Vindo de três altas consecutivas, o Ibovespa permaneceu em margem de variação restrita neste meio de semana, de 940 pontos entre a mínima (122.925,68) e a máxima (123.865,07) da sessão. Após indecisão entre leves ganhos e perdas, e sem se distanciar muito da estabilidade, o índice tentou se firmar em alta na etapa vespertina, mas acentuou um pouco as perdas em direção ao fechamento, cedendo 0,30%, aos 122.971,77 pontos. Após duas sessões de giro bem fraco, o volume financeiro subiu para R$ 19,2 bilhões. Na semana, o Ibovespa avança 0,51%.

No acumulado do ano, o fluxo de capital externo está positivo em R$ 3,725 bilhões na B3, conforme dados atualizados até o dia 20. Esta recuperação de fluxo contribui para a relativa melhora do Ibovespa, que acumula ganho de 2,24% em janeiro, comparado a uma perda de 4,79% no mesmo mês do ano passado.

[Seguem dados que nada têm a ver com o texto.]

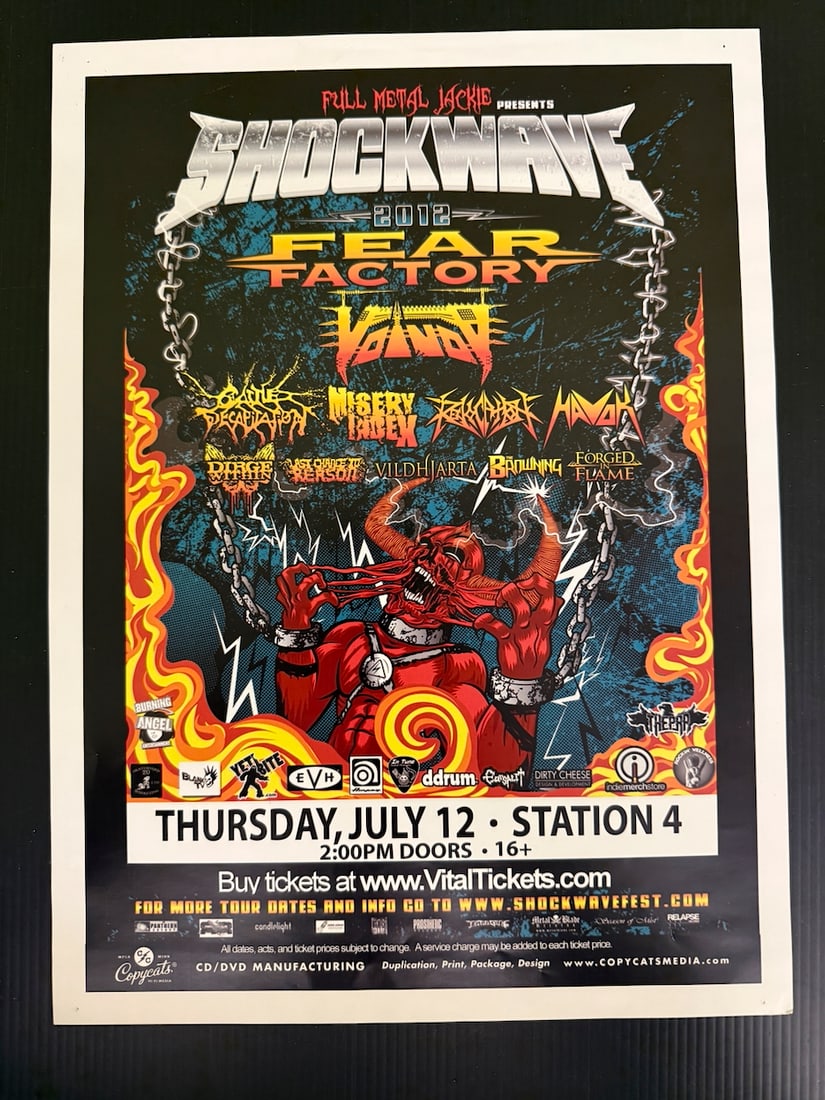 SHOCKWAVE FESTIVAL 2012 at Tebala Shrine in Rockford, IL: Full Metal Jackie Presents: “1ST ANNUAL SHOCKWAVE FESTIVAL” SUNDAY JULY 29TH!! FEAR FACTORY, VOIVOD, & BEYOND THRESHOLD w/ CATTLE DECAPITATION, MISERY INDEX, HAVOK, DIRGE WITHIN, LAST CHANCE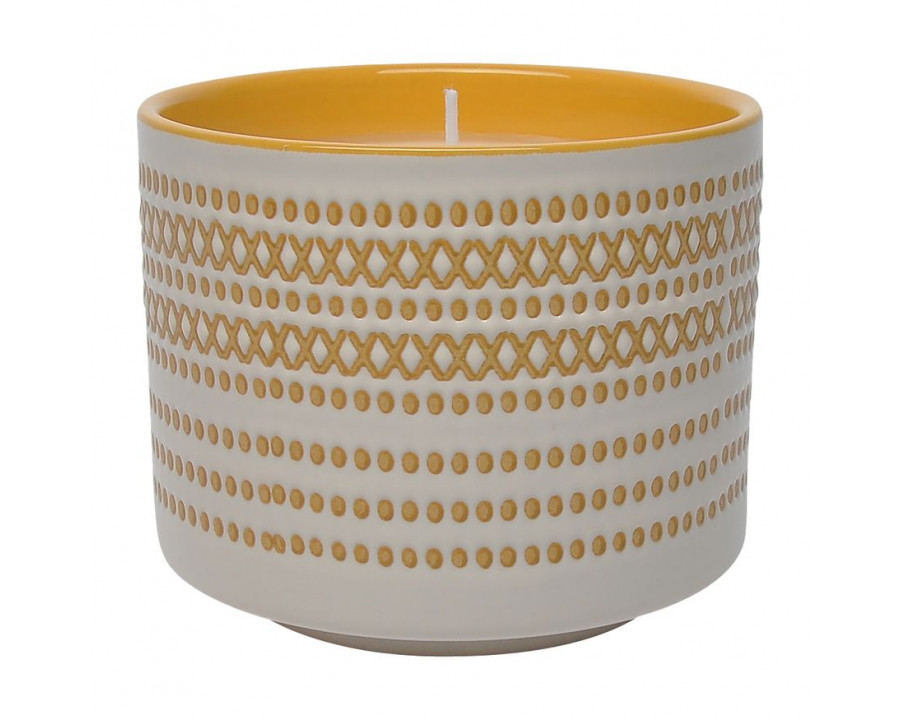 Sagebrook 5" 15 Oz X Dots Citro Candle - Yellow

Com efeito também para a cotação do real frente à moeda americana, o fluxo positivo de investimentos estrangeiros para a B3 começou a se intensificar entre os dias 13 e 15 de janeiro, diz Anilson Moretti, head de câmbio da HCI Invest. “Essa movimentação positiva, aliada à atuação do Banco Central com leilões diretos, tem ajudado a conter pressões sobre o valor do dólar”, acrescenta. Nesta quarta-feira, o dólar fechou em queda de 1,40%, abaixo de R$ 6, a R$ 5,9465.

“Todo mundo tinha expectativa sobre o que o novo governo dos Estados Unidos poderia fazer, se também afetaria o Brasil com algum tipo de tarifa, de forma direta. Como isso não aconteceu até o momento, há uma realização forte no câmbio, principalmente depois que o dólar perdeu a linha psicológica de R$ 6”, diz Alison Correia, analista e sócio-fundador da Dom Investimentos.

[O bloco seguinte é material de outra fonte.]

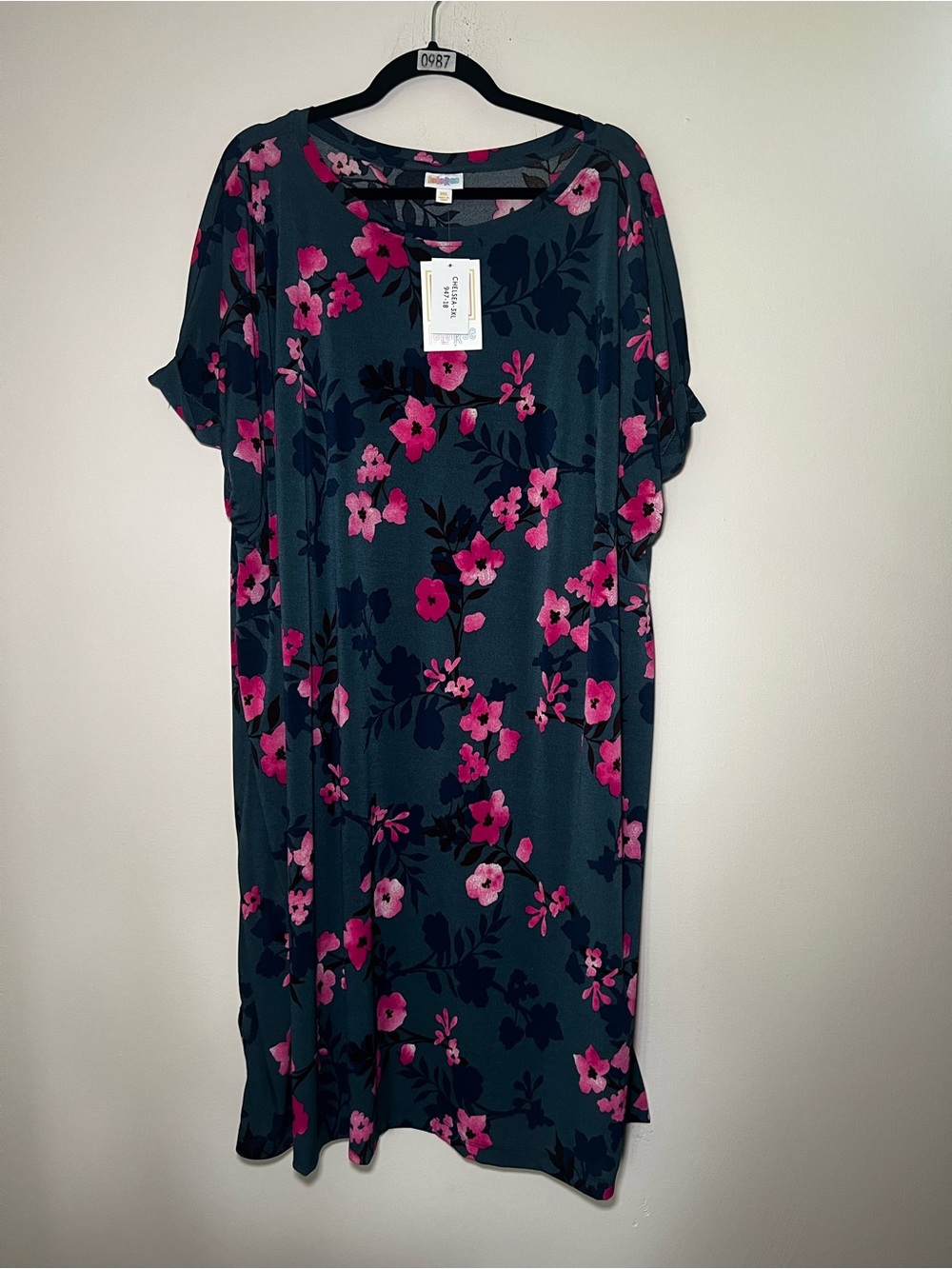 LuLaRoe Chelsea Dark Teal Shift Dress with Pink Floral Print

A recente correção no câmbio deriva também de alguma acomodação no exterior, com efeito para moedas de emergentes, em meio a um começo de governo Trump, até aqui, sem medidas protecionistas da envergadura prometida na campanha eleitoral e na transição para a nova administração republicana. “Trump tem sinalizado que vai tarifar a China em 10%, e talvez isso comece em fevereiro, com efeito para os preços das commodities por lá”, acrescenta Correia.

No Brasil, “a agenda doméstica continua esvaziada e o foco permanece voltado para as tarifas de comércio exterior nos Estados Unidos previstas para este início de governo Trump, especialmente para México e Canadá, possivelmente a partir de 1º de fevereiro”, diz Gustavo Mendonça, sócio e especialista da Valor Investimentos.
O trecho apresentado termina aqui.